Maybe I’m just not the the sharpest knife in the drawer, but I don’t see how they get there from here.
We know that engagement totally matters to Outlook.com. In 2010, Microsoft rolled out a host of new features that weigh individual recipient engagement and makes deliverability decisions based on those metrics. Those tools automatically move unengaging email out of the inbox – in some cases, it will move even after it’s already been placed there and languishes unopened.
That same year, Microsoft sued a well-known Russian spammer for trying to game their reputation engine. He created millions of fraudulent Hotmail accounts to engage with the mail he sent in hopes of improving his deliverability.
I’m confident Microsoft wouldn’t have made these substantial investments in creating and protecting these systems if engagement didn’t matter. It matters so much that Outlook.com will whisk unengaging mail out of the inbox even if it isn’t spam. Senders who step up their unengaging campaigns will just see their mail swept away more often. I’m not sure that a fresh deluge of unengaging, swept messages represents lost revenue opportunities; there was no opportunity to begin with.
At the end of the day, senders should send more mail only to recipients who want more mail. If a segment of recipients opens your bi-monthly offer, send them a third each month and see if the open rate changes.
Send less mail to recipients who want less. Give them a link to a well-designed preference page that allows them to adjust their desired frequency and content.

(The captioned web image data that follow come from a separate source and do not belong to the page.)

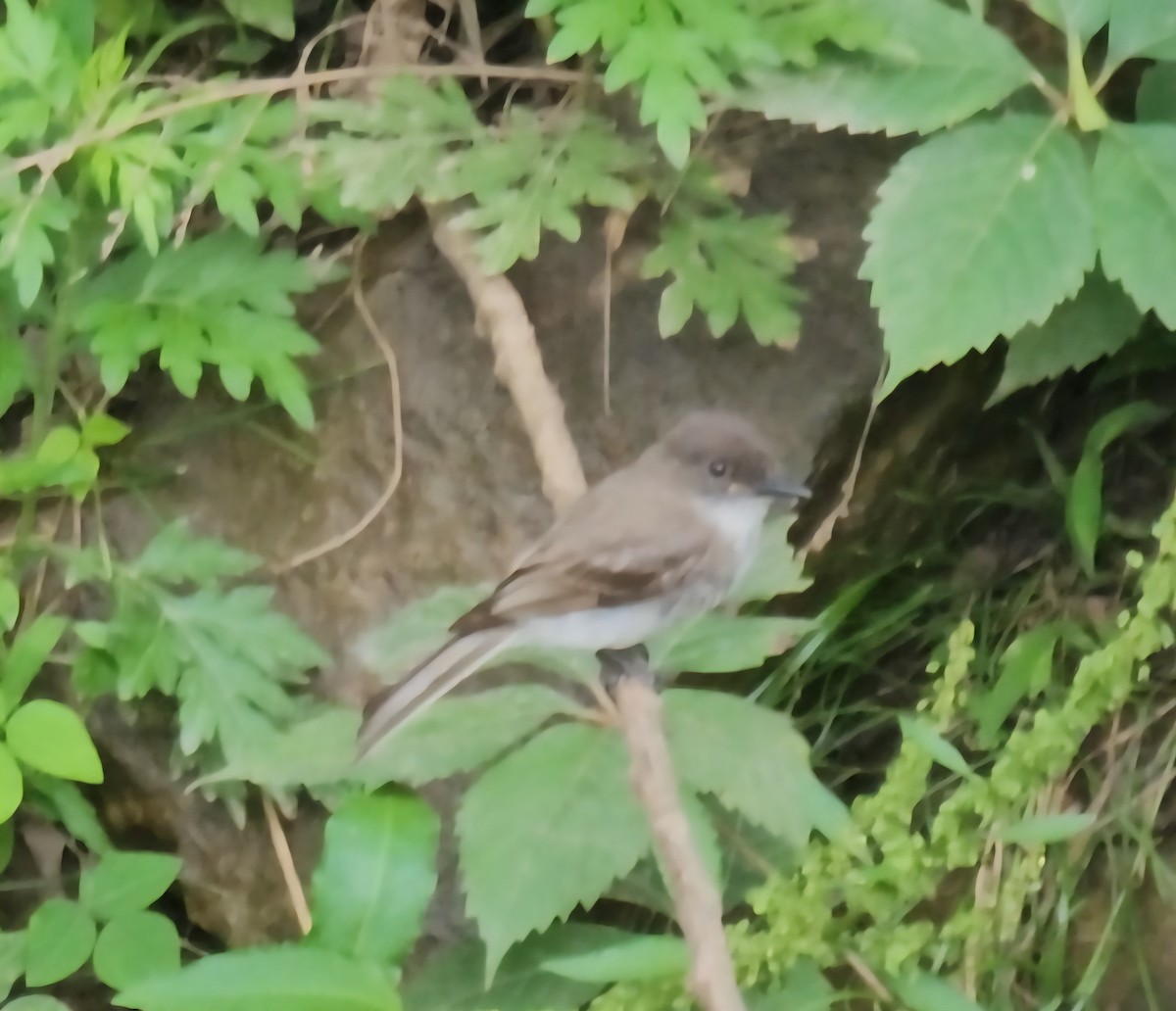 Eastern Phoebe - ML637951452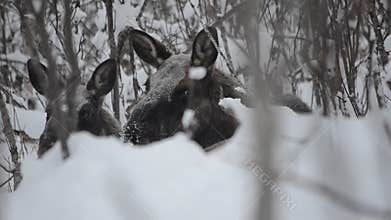 Big beautiful brown moose and calf resting in deep cold winter forest in the arctic circle wilderness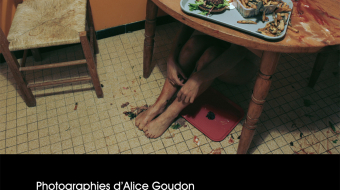 Marionettes : Alice Goudon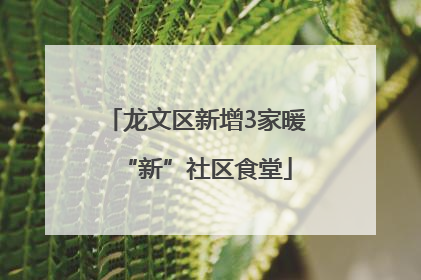 龙文区新增3家暖“新”社区食堂
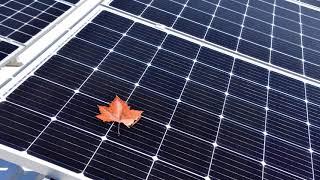 SunPower® Performance Panels in Shade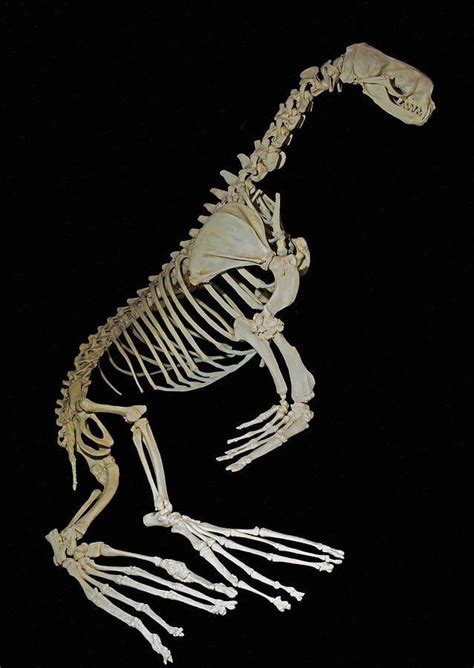 The unexpectedly odd skeleton of a seal : r/interestingasfuck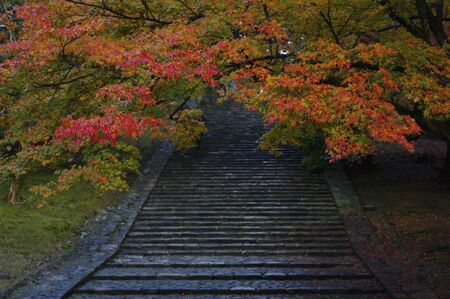 Mapleの写真素材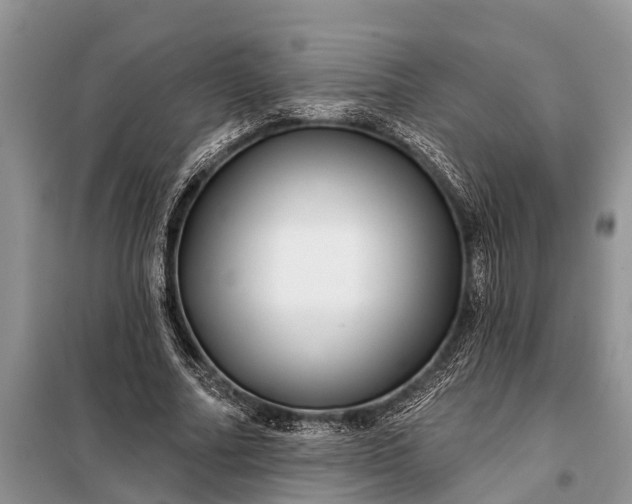 X0000097970682200804071059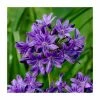 Agapanthus 'Windsor Grey' | 3L Pot 1 Agapanthus 'Windsor Grey' | 3L Pot -Eventual Sales Store P50064 main image ab54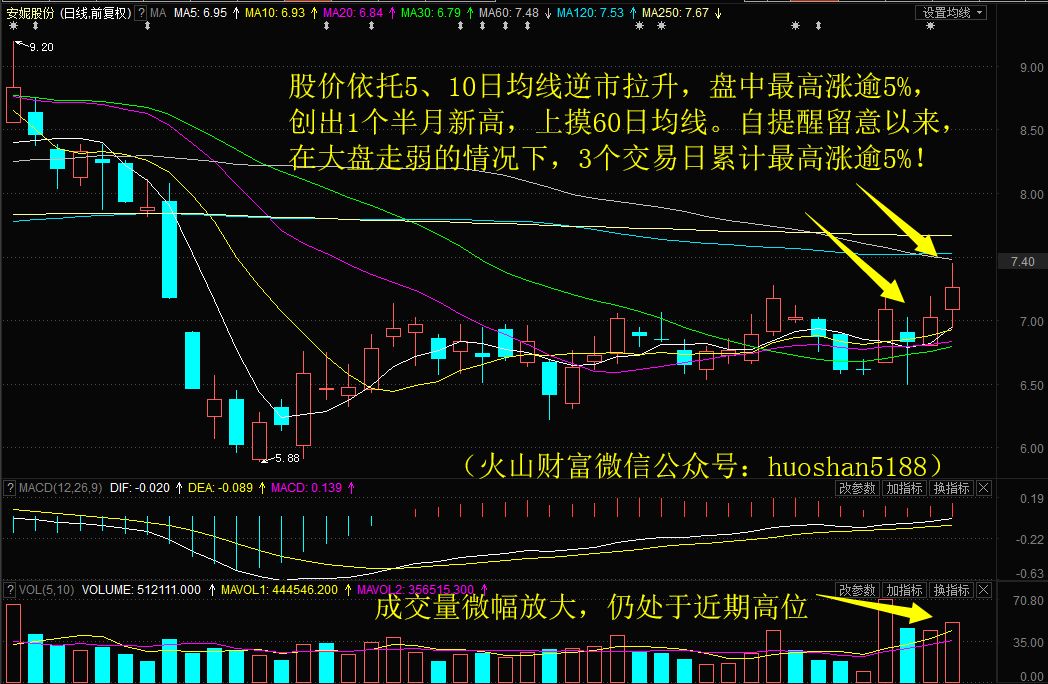 安妮股份最新动态揭晓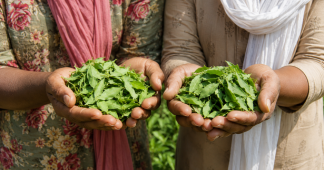 Global Henna Export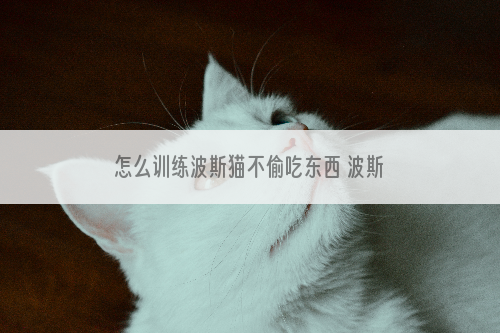 怎么训练波斯猫不偷吃东西 波斯猫偷吃东西解决办法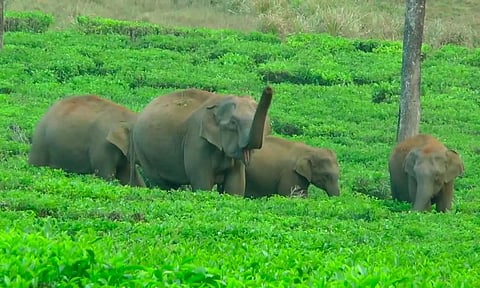 சாலையோரம் குட்டியுடன் சுற்றித்திரிந்த காட்டு யானைகள்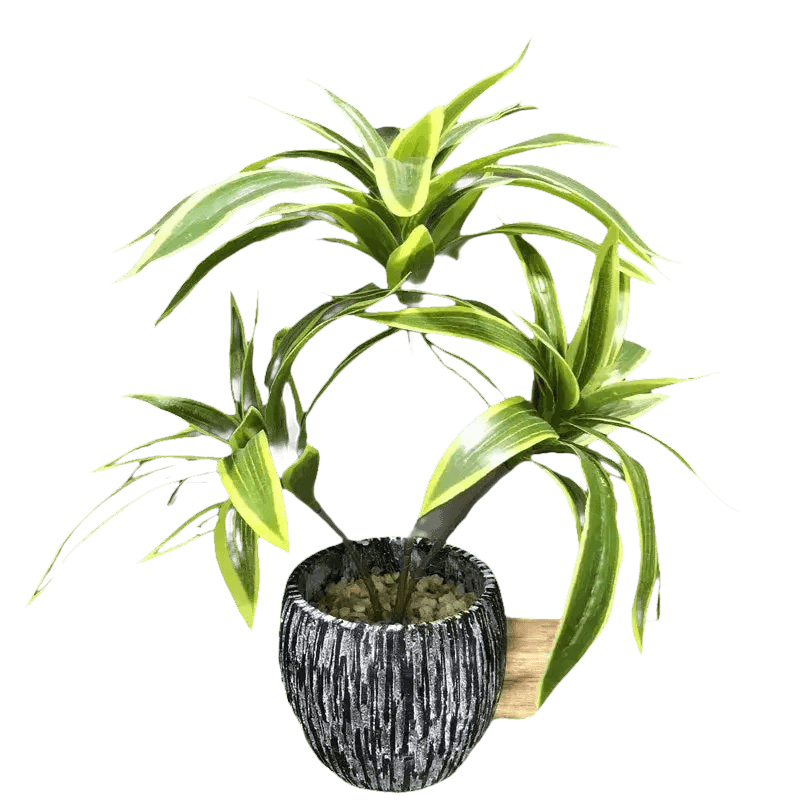 Variegated Dracaena Artificial Palm Tree in Textured Pot fake trees by Kmitang Official Store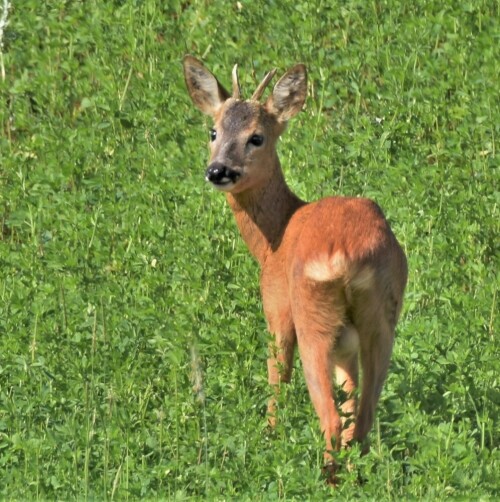 Junger Bock auf einem Wildacker

Aufnameort: Wetterau
Kamera: Nikon D7200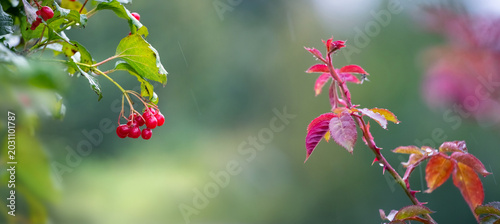 Schilderij op canvas Bright red viburnum berries and branch with red autumn leaves in rain on blurred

Don’t send any mail to anyone who doesn’t want it, even if they’d indicated earlier that they do. If they’re not opening it, they’re probably not all that into you. Sending more unengaging mail is unlikely to change this. Bear in mind that the longer those zombie recipients hang around on your lists, the more likely it is that they’ll be converted into spam traps. Hit enough of those, and mail to all of your recipients (engaged or otherwise) will have a much harder time getting to the inbox. That, right there, is the real lost revenue opportunity.
To paraphrase an old aphorism: the loudest guy in the room isn’t always right; he’s just always the loudest. The same holds true for the inbox. Turn down your volume before the Internet does it for you.